• _SUPPLIED INFORMATION_

★ ★ ★ ★

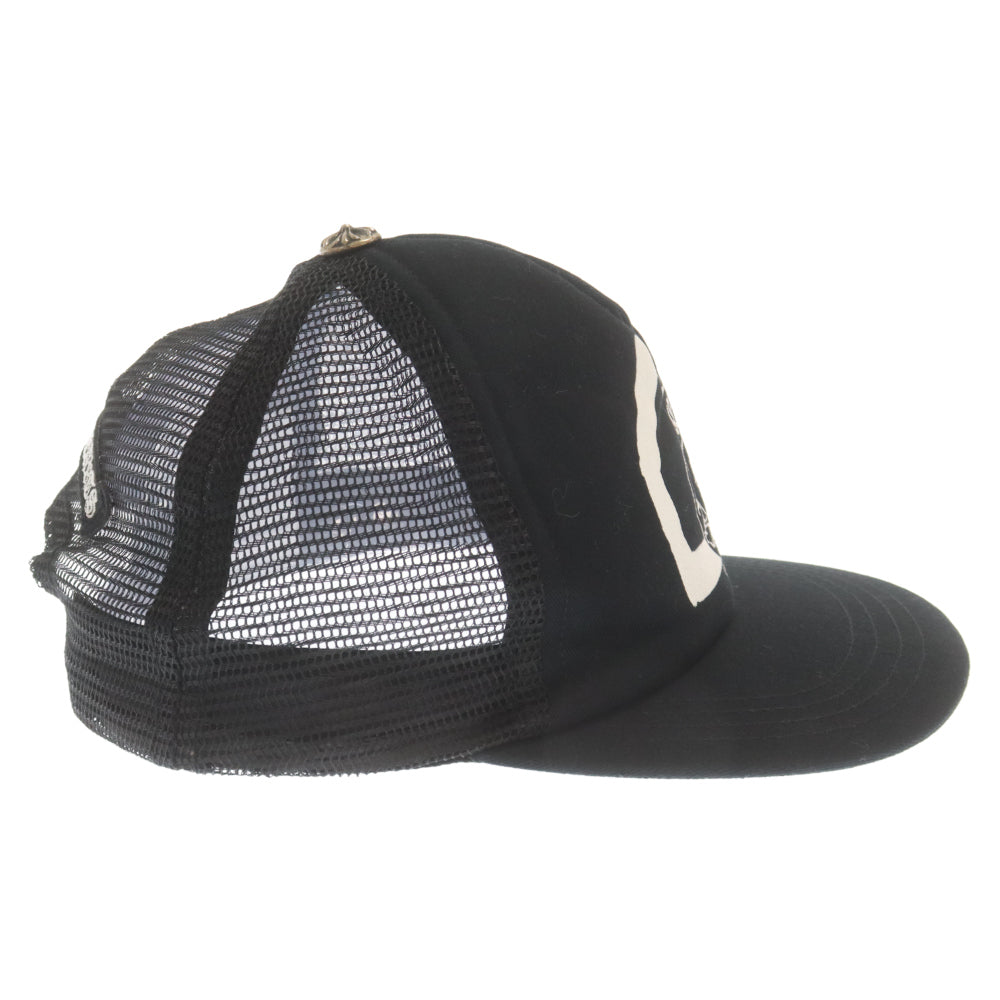 CHROME HEARTS(クロムハーツ) ×DOVER STREET MARKET TRUCKER CAP ドーバーストリートマーケット トラッカーキャップ DSMクロスボール付メッシュキャップ 帽子 ブラック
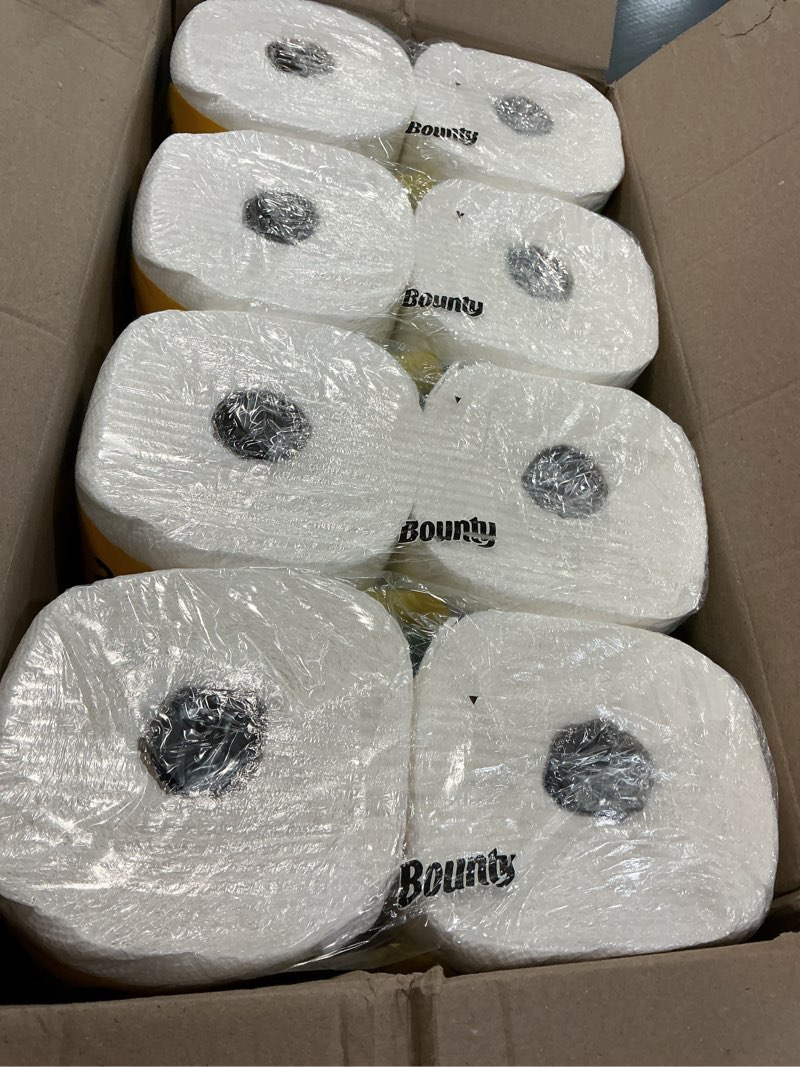 Condition photo showing New/Like New for Bounty Select-A-Size Paper Towels, White, 8 Triple Rolls = 24 Regular Rolls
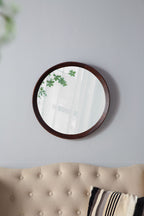 Transitional Mango Wood Wall Mirror with Frame - Multiple Colors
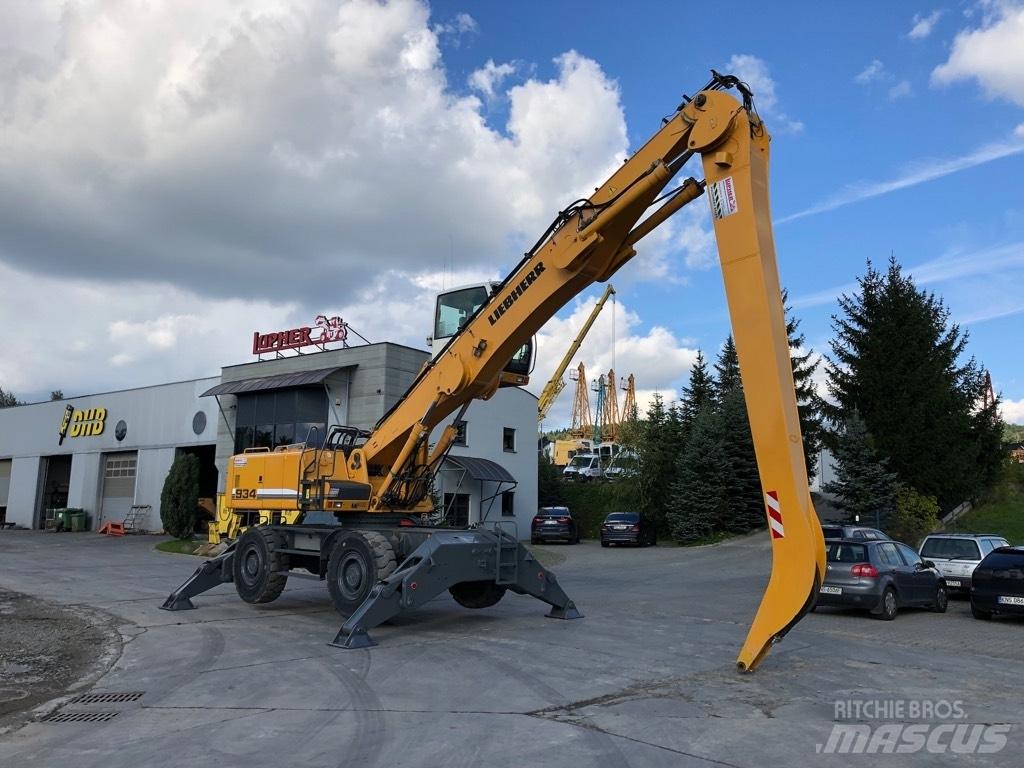 Liebherr A 934 C HD Jätteenkäsittelijät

★ ★ ★ ★

Reproduce the whole listing above character for character; pictures do not belong in it.

• _ANSWER TO THIS TASK_
 CHROME HEARTS(クロムハーツ) ×DOVER STREET MARKET TRUCKER CAP ドーバーストリートマーケット トラッカーキャップ DSMクロスボール付メッシュキャップ 帽子 ブラック
 Condition photo showing New/Like New for Bounty Select-A-Size Paper Towels, White, 8 Triple Rolls = 24 Regular Rolls
 Transitional Mango Wood Wall Mirror with Frame - Multiple Colors
 Liebherr A 934 C HD Jätteenkäsittelijät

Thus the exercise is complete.